### DATA BELOW
◇ ◇ ◇ ◇ ◇

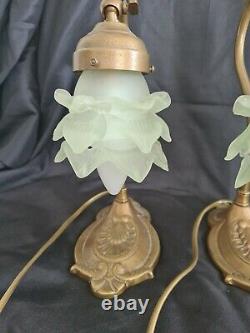 Paire Lampe De Bureau En Laiton Et Tulipe Rose Pate De Verre Style Art Deco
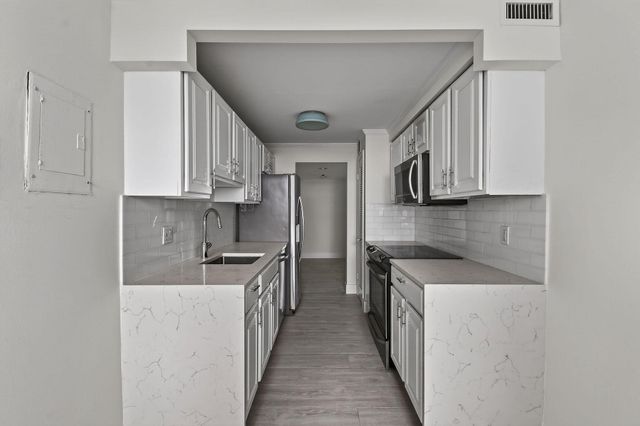 3800 Washington Road 712, West Palm Beach, FL 33405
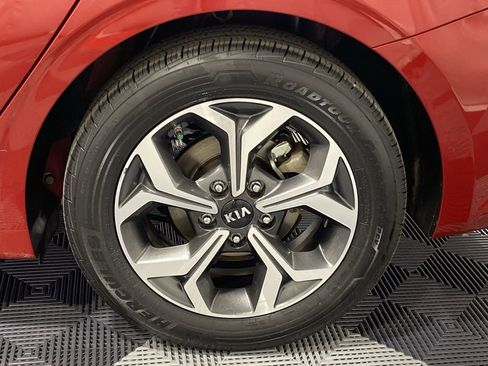 Used 2019 Kia Forte LXS image 30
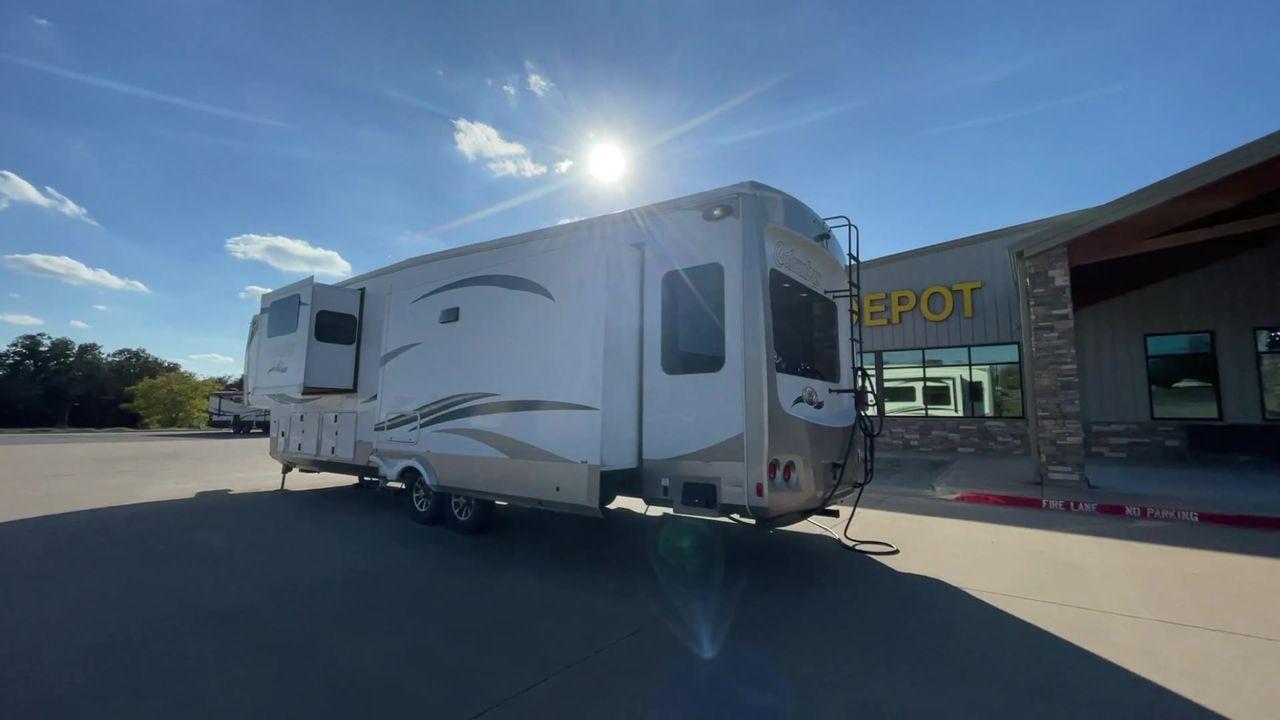 2018 TAN FOREST RIVER COLUNMBUS 383FB (4X4FCMP27J6) , Length: 42.08 ft. | Dry Weight: 13,164 lbs. | Gross Weight: 16,164 lbs. | Slides: 4 transmission, located at 4319 N Main Street, Cleburne, TX, 76033, (817) 221-0660, 32.435829, -97.384178 - The 2018 Palomino Columbus 383FB is a luxurious fifth wheel designed to redefine your camping experience with its opulent features and thoughtful layout. This remarkable model boasts a length of 42.08 feet and a dry weight of 13,164 lbs. These specs alone ensure a spacious and stable platform for yo - Photo #7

◇ ◇ ◇ ◇ ◇

### ABOUT THIS TASK
Exclude the pictures and print the rest of the data exactly.

### WRITTEN SOLUTION
 Paire Lampe De Bureau En Laiton Et Tulipe Rose Pate De Verre Style Art Deco
 3800 Washington Road 712, West Palm Beach, FL 33405
 Used 2019 Kia Forte LXS image 30
 2018 TAN FOREST RIVER COLUNMBUS 383FB (4X4FCMP27J6) , Length: 42.08 ft. | Dry Weight: 13,164 lbs. | Gross Weight: 16,164 lbs. | Slides: 4 transmission, located at 4319 N Main Street, Cleburne, TX, 76033, (817) 221-0660, 32.435829, -97.384178 - The 2018 Palomino Columbus 383FB is a luxurious fifth wheel designed to redefine your camping experience with its opulent features and thoughtful layout. This remarkable model boasts a length of 42.08 feet and a dry weight of 13,164 lbs. These specs alone ensure a spacious and stable platform for yo - Photo #7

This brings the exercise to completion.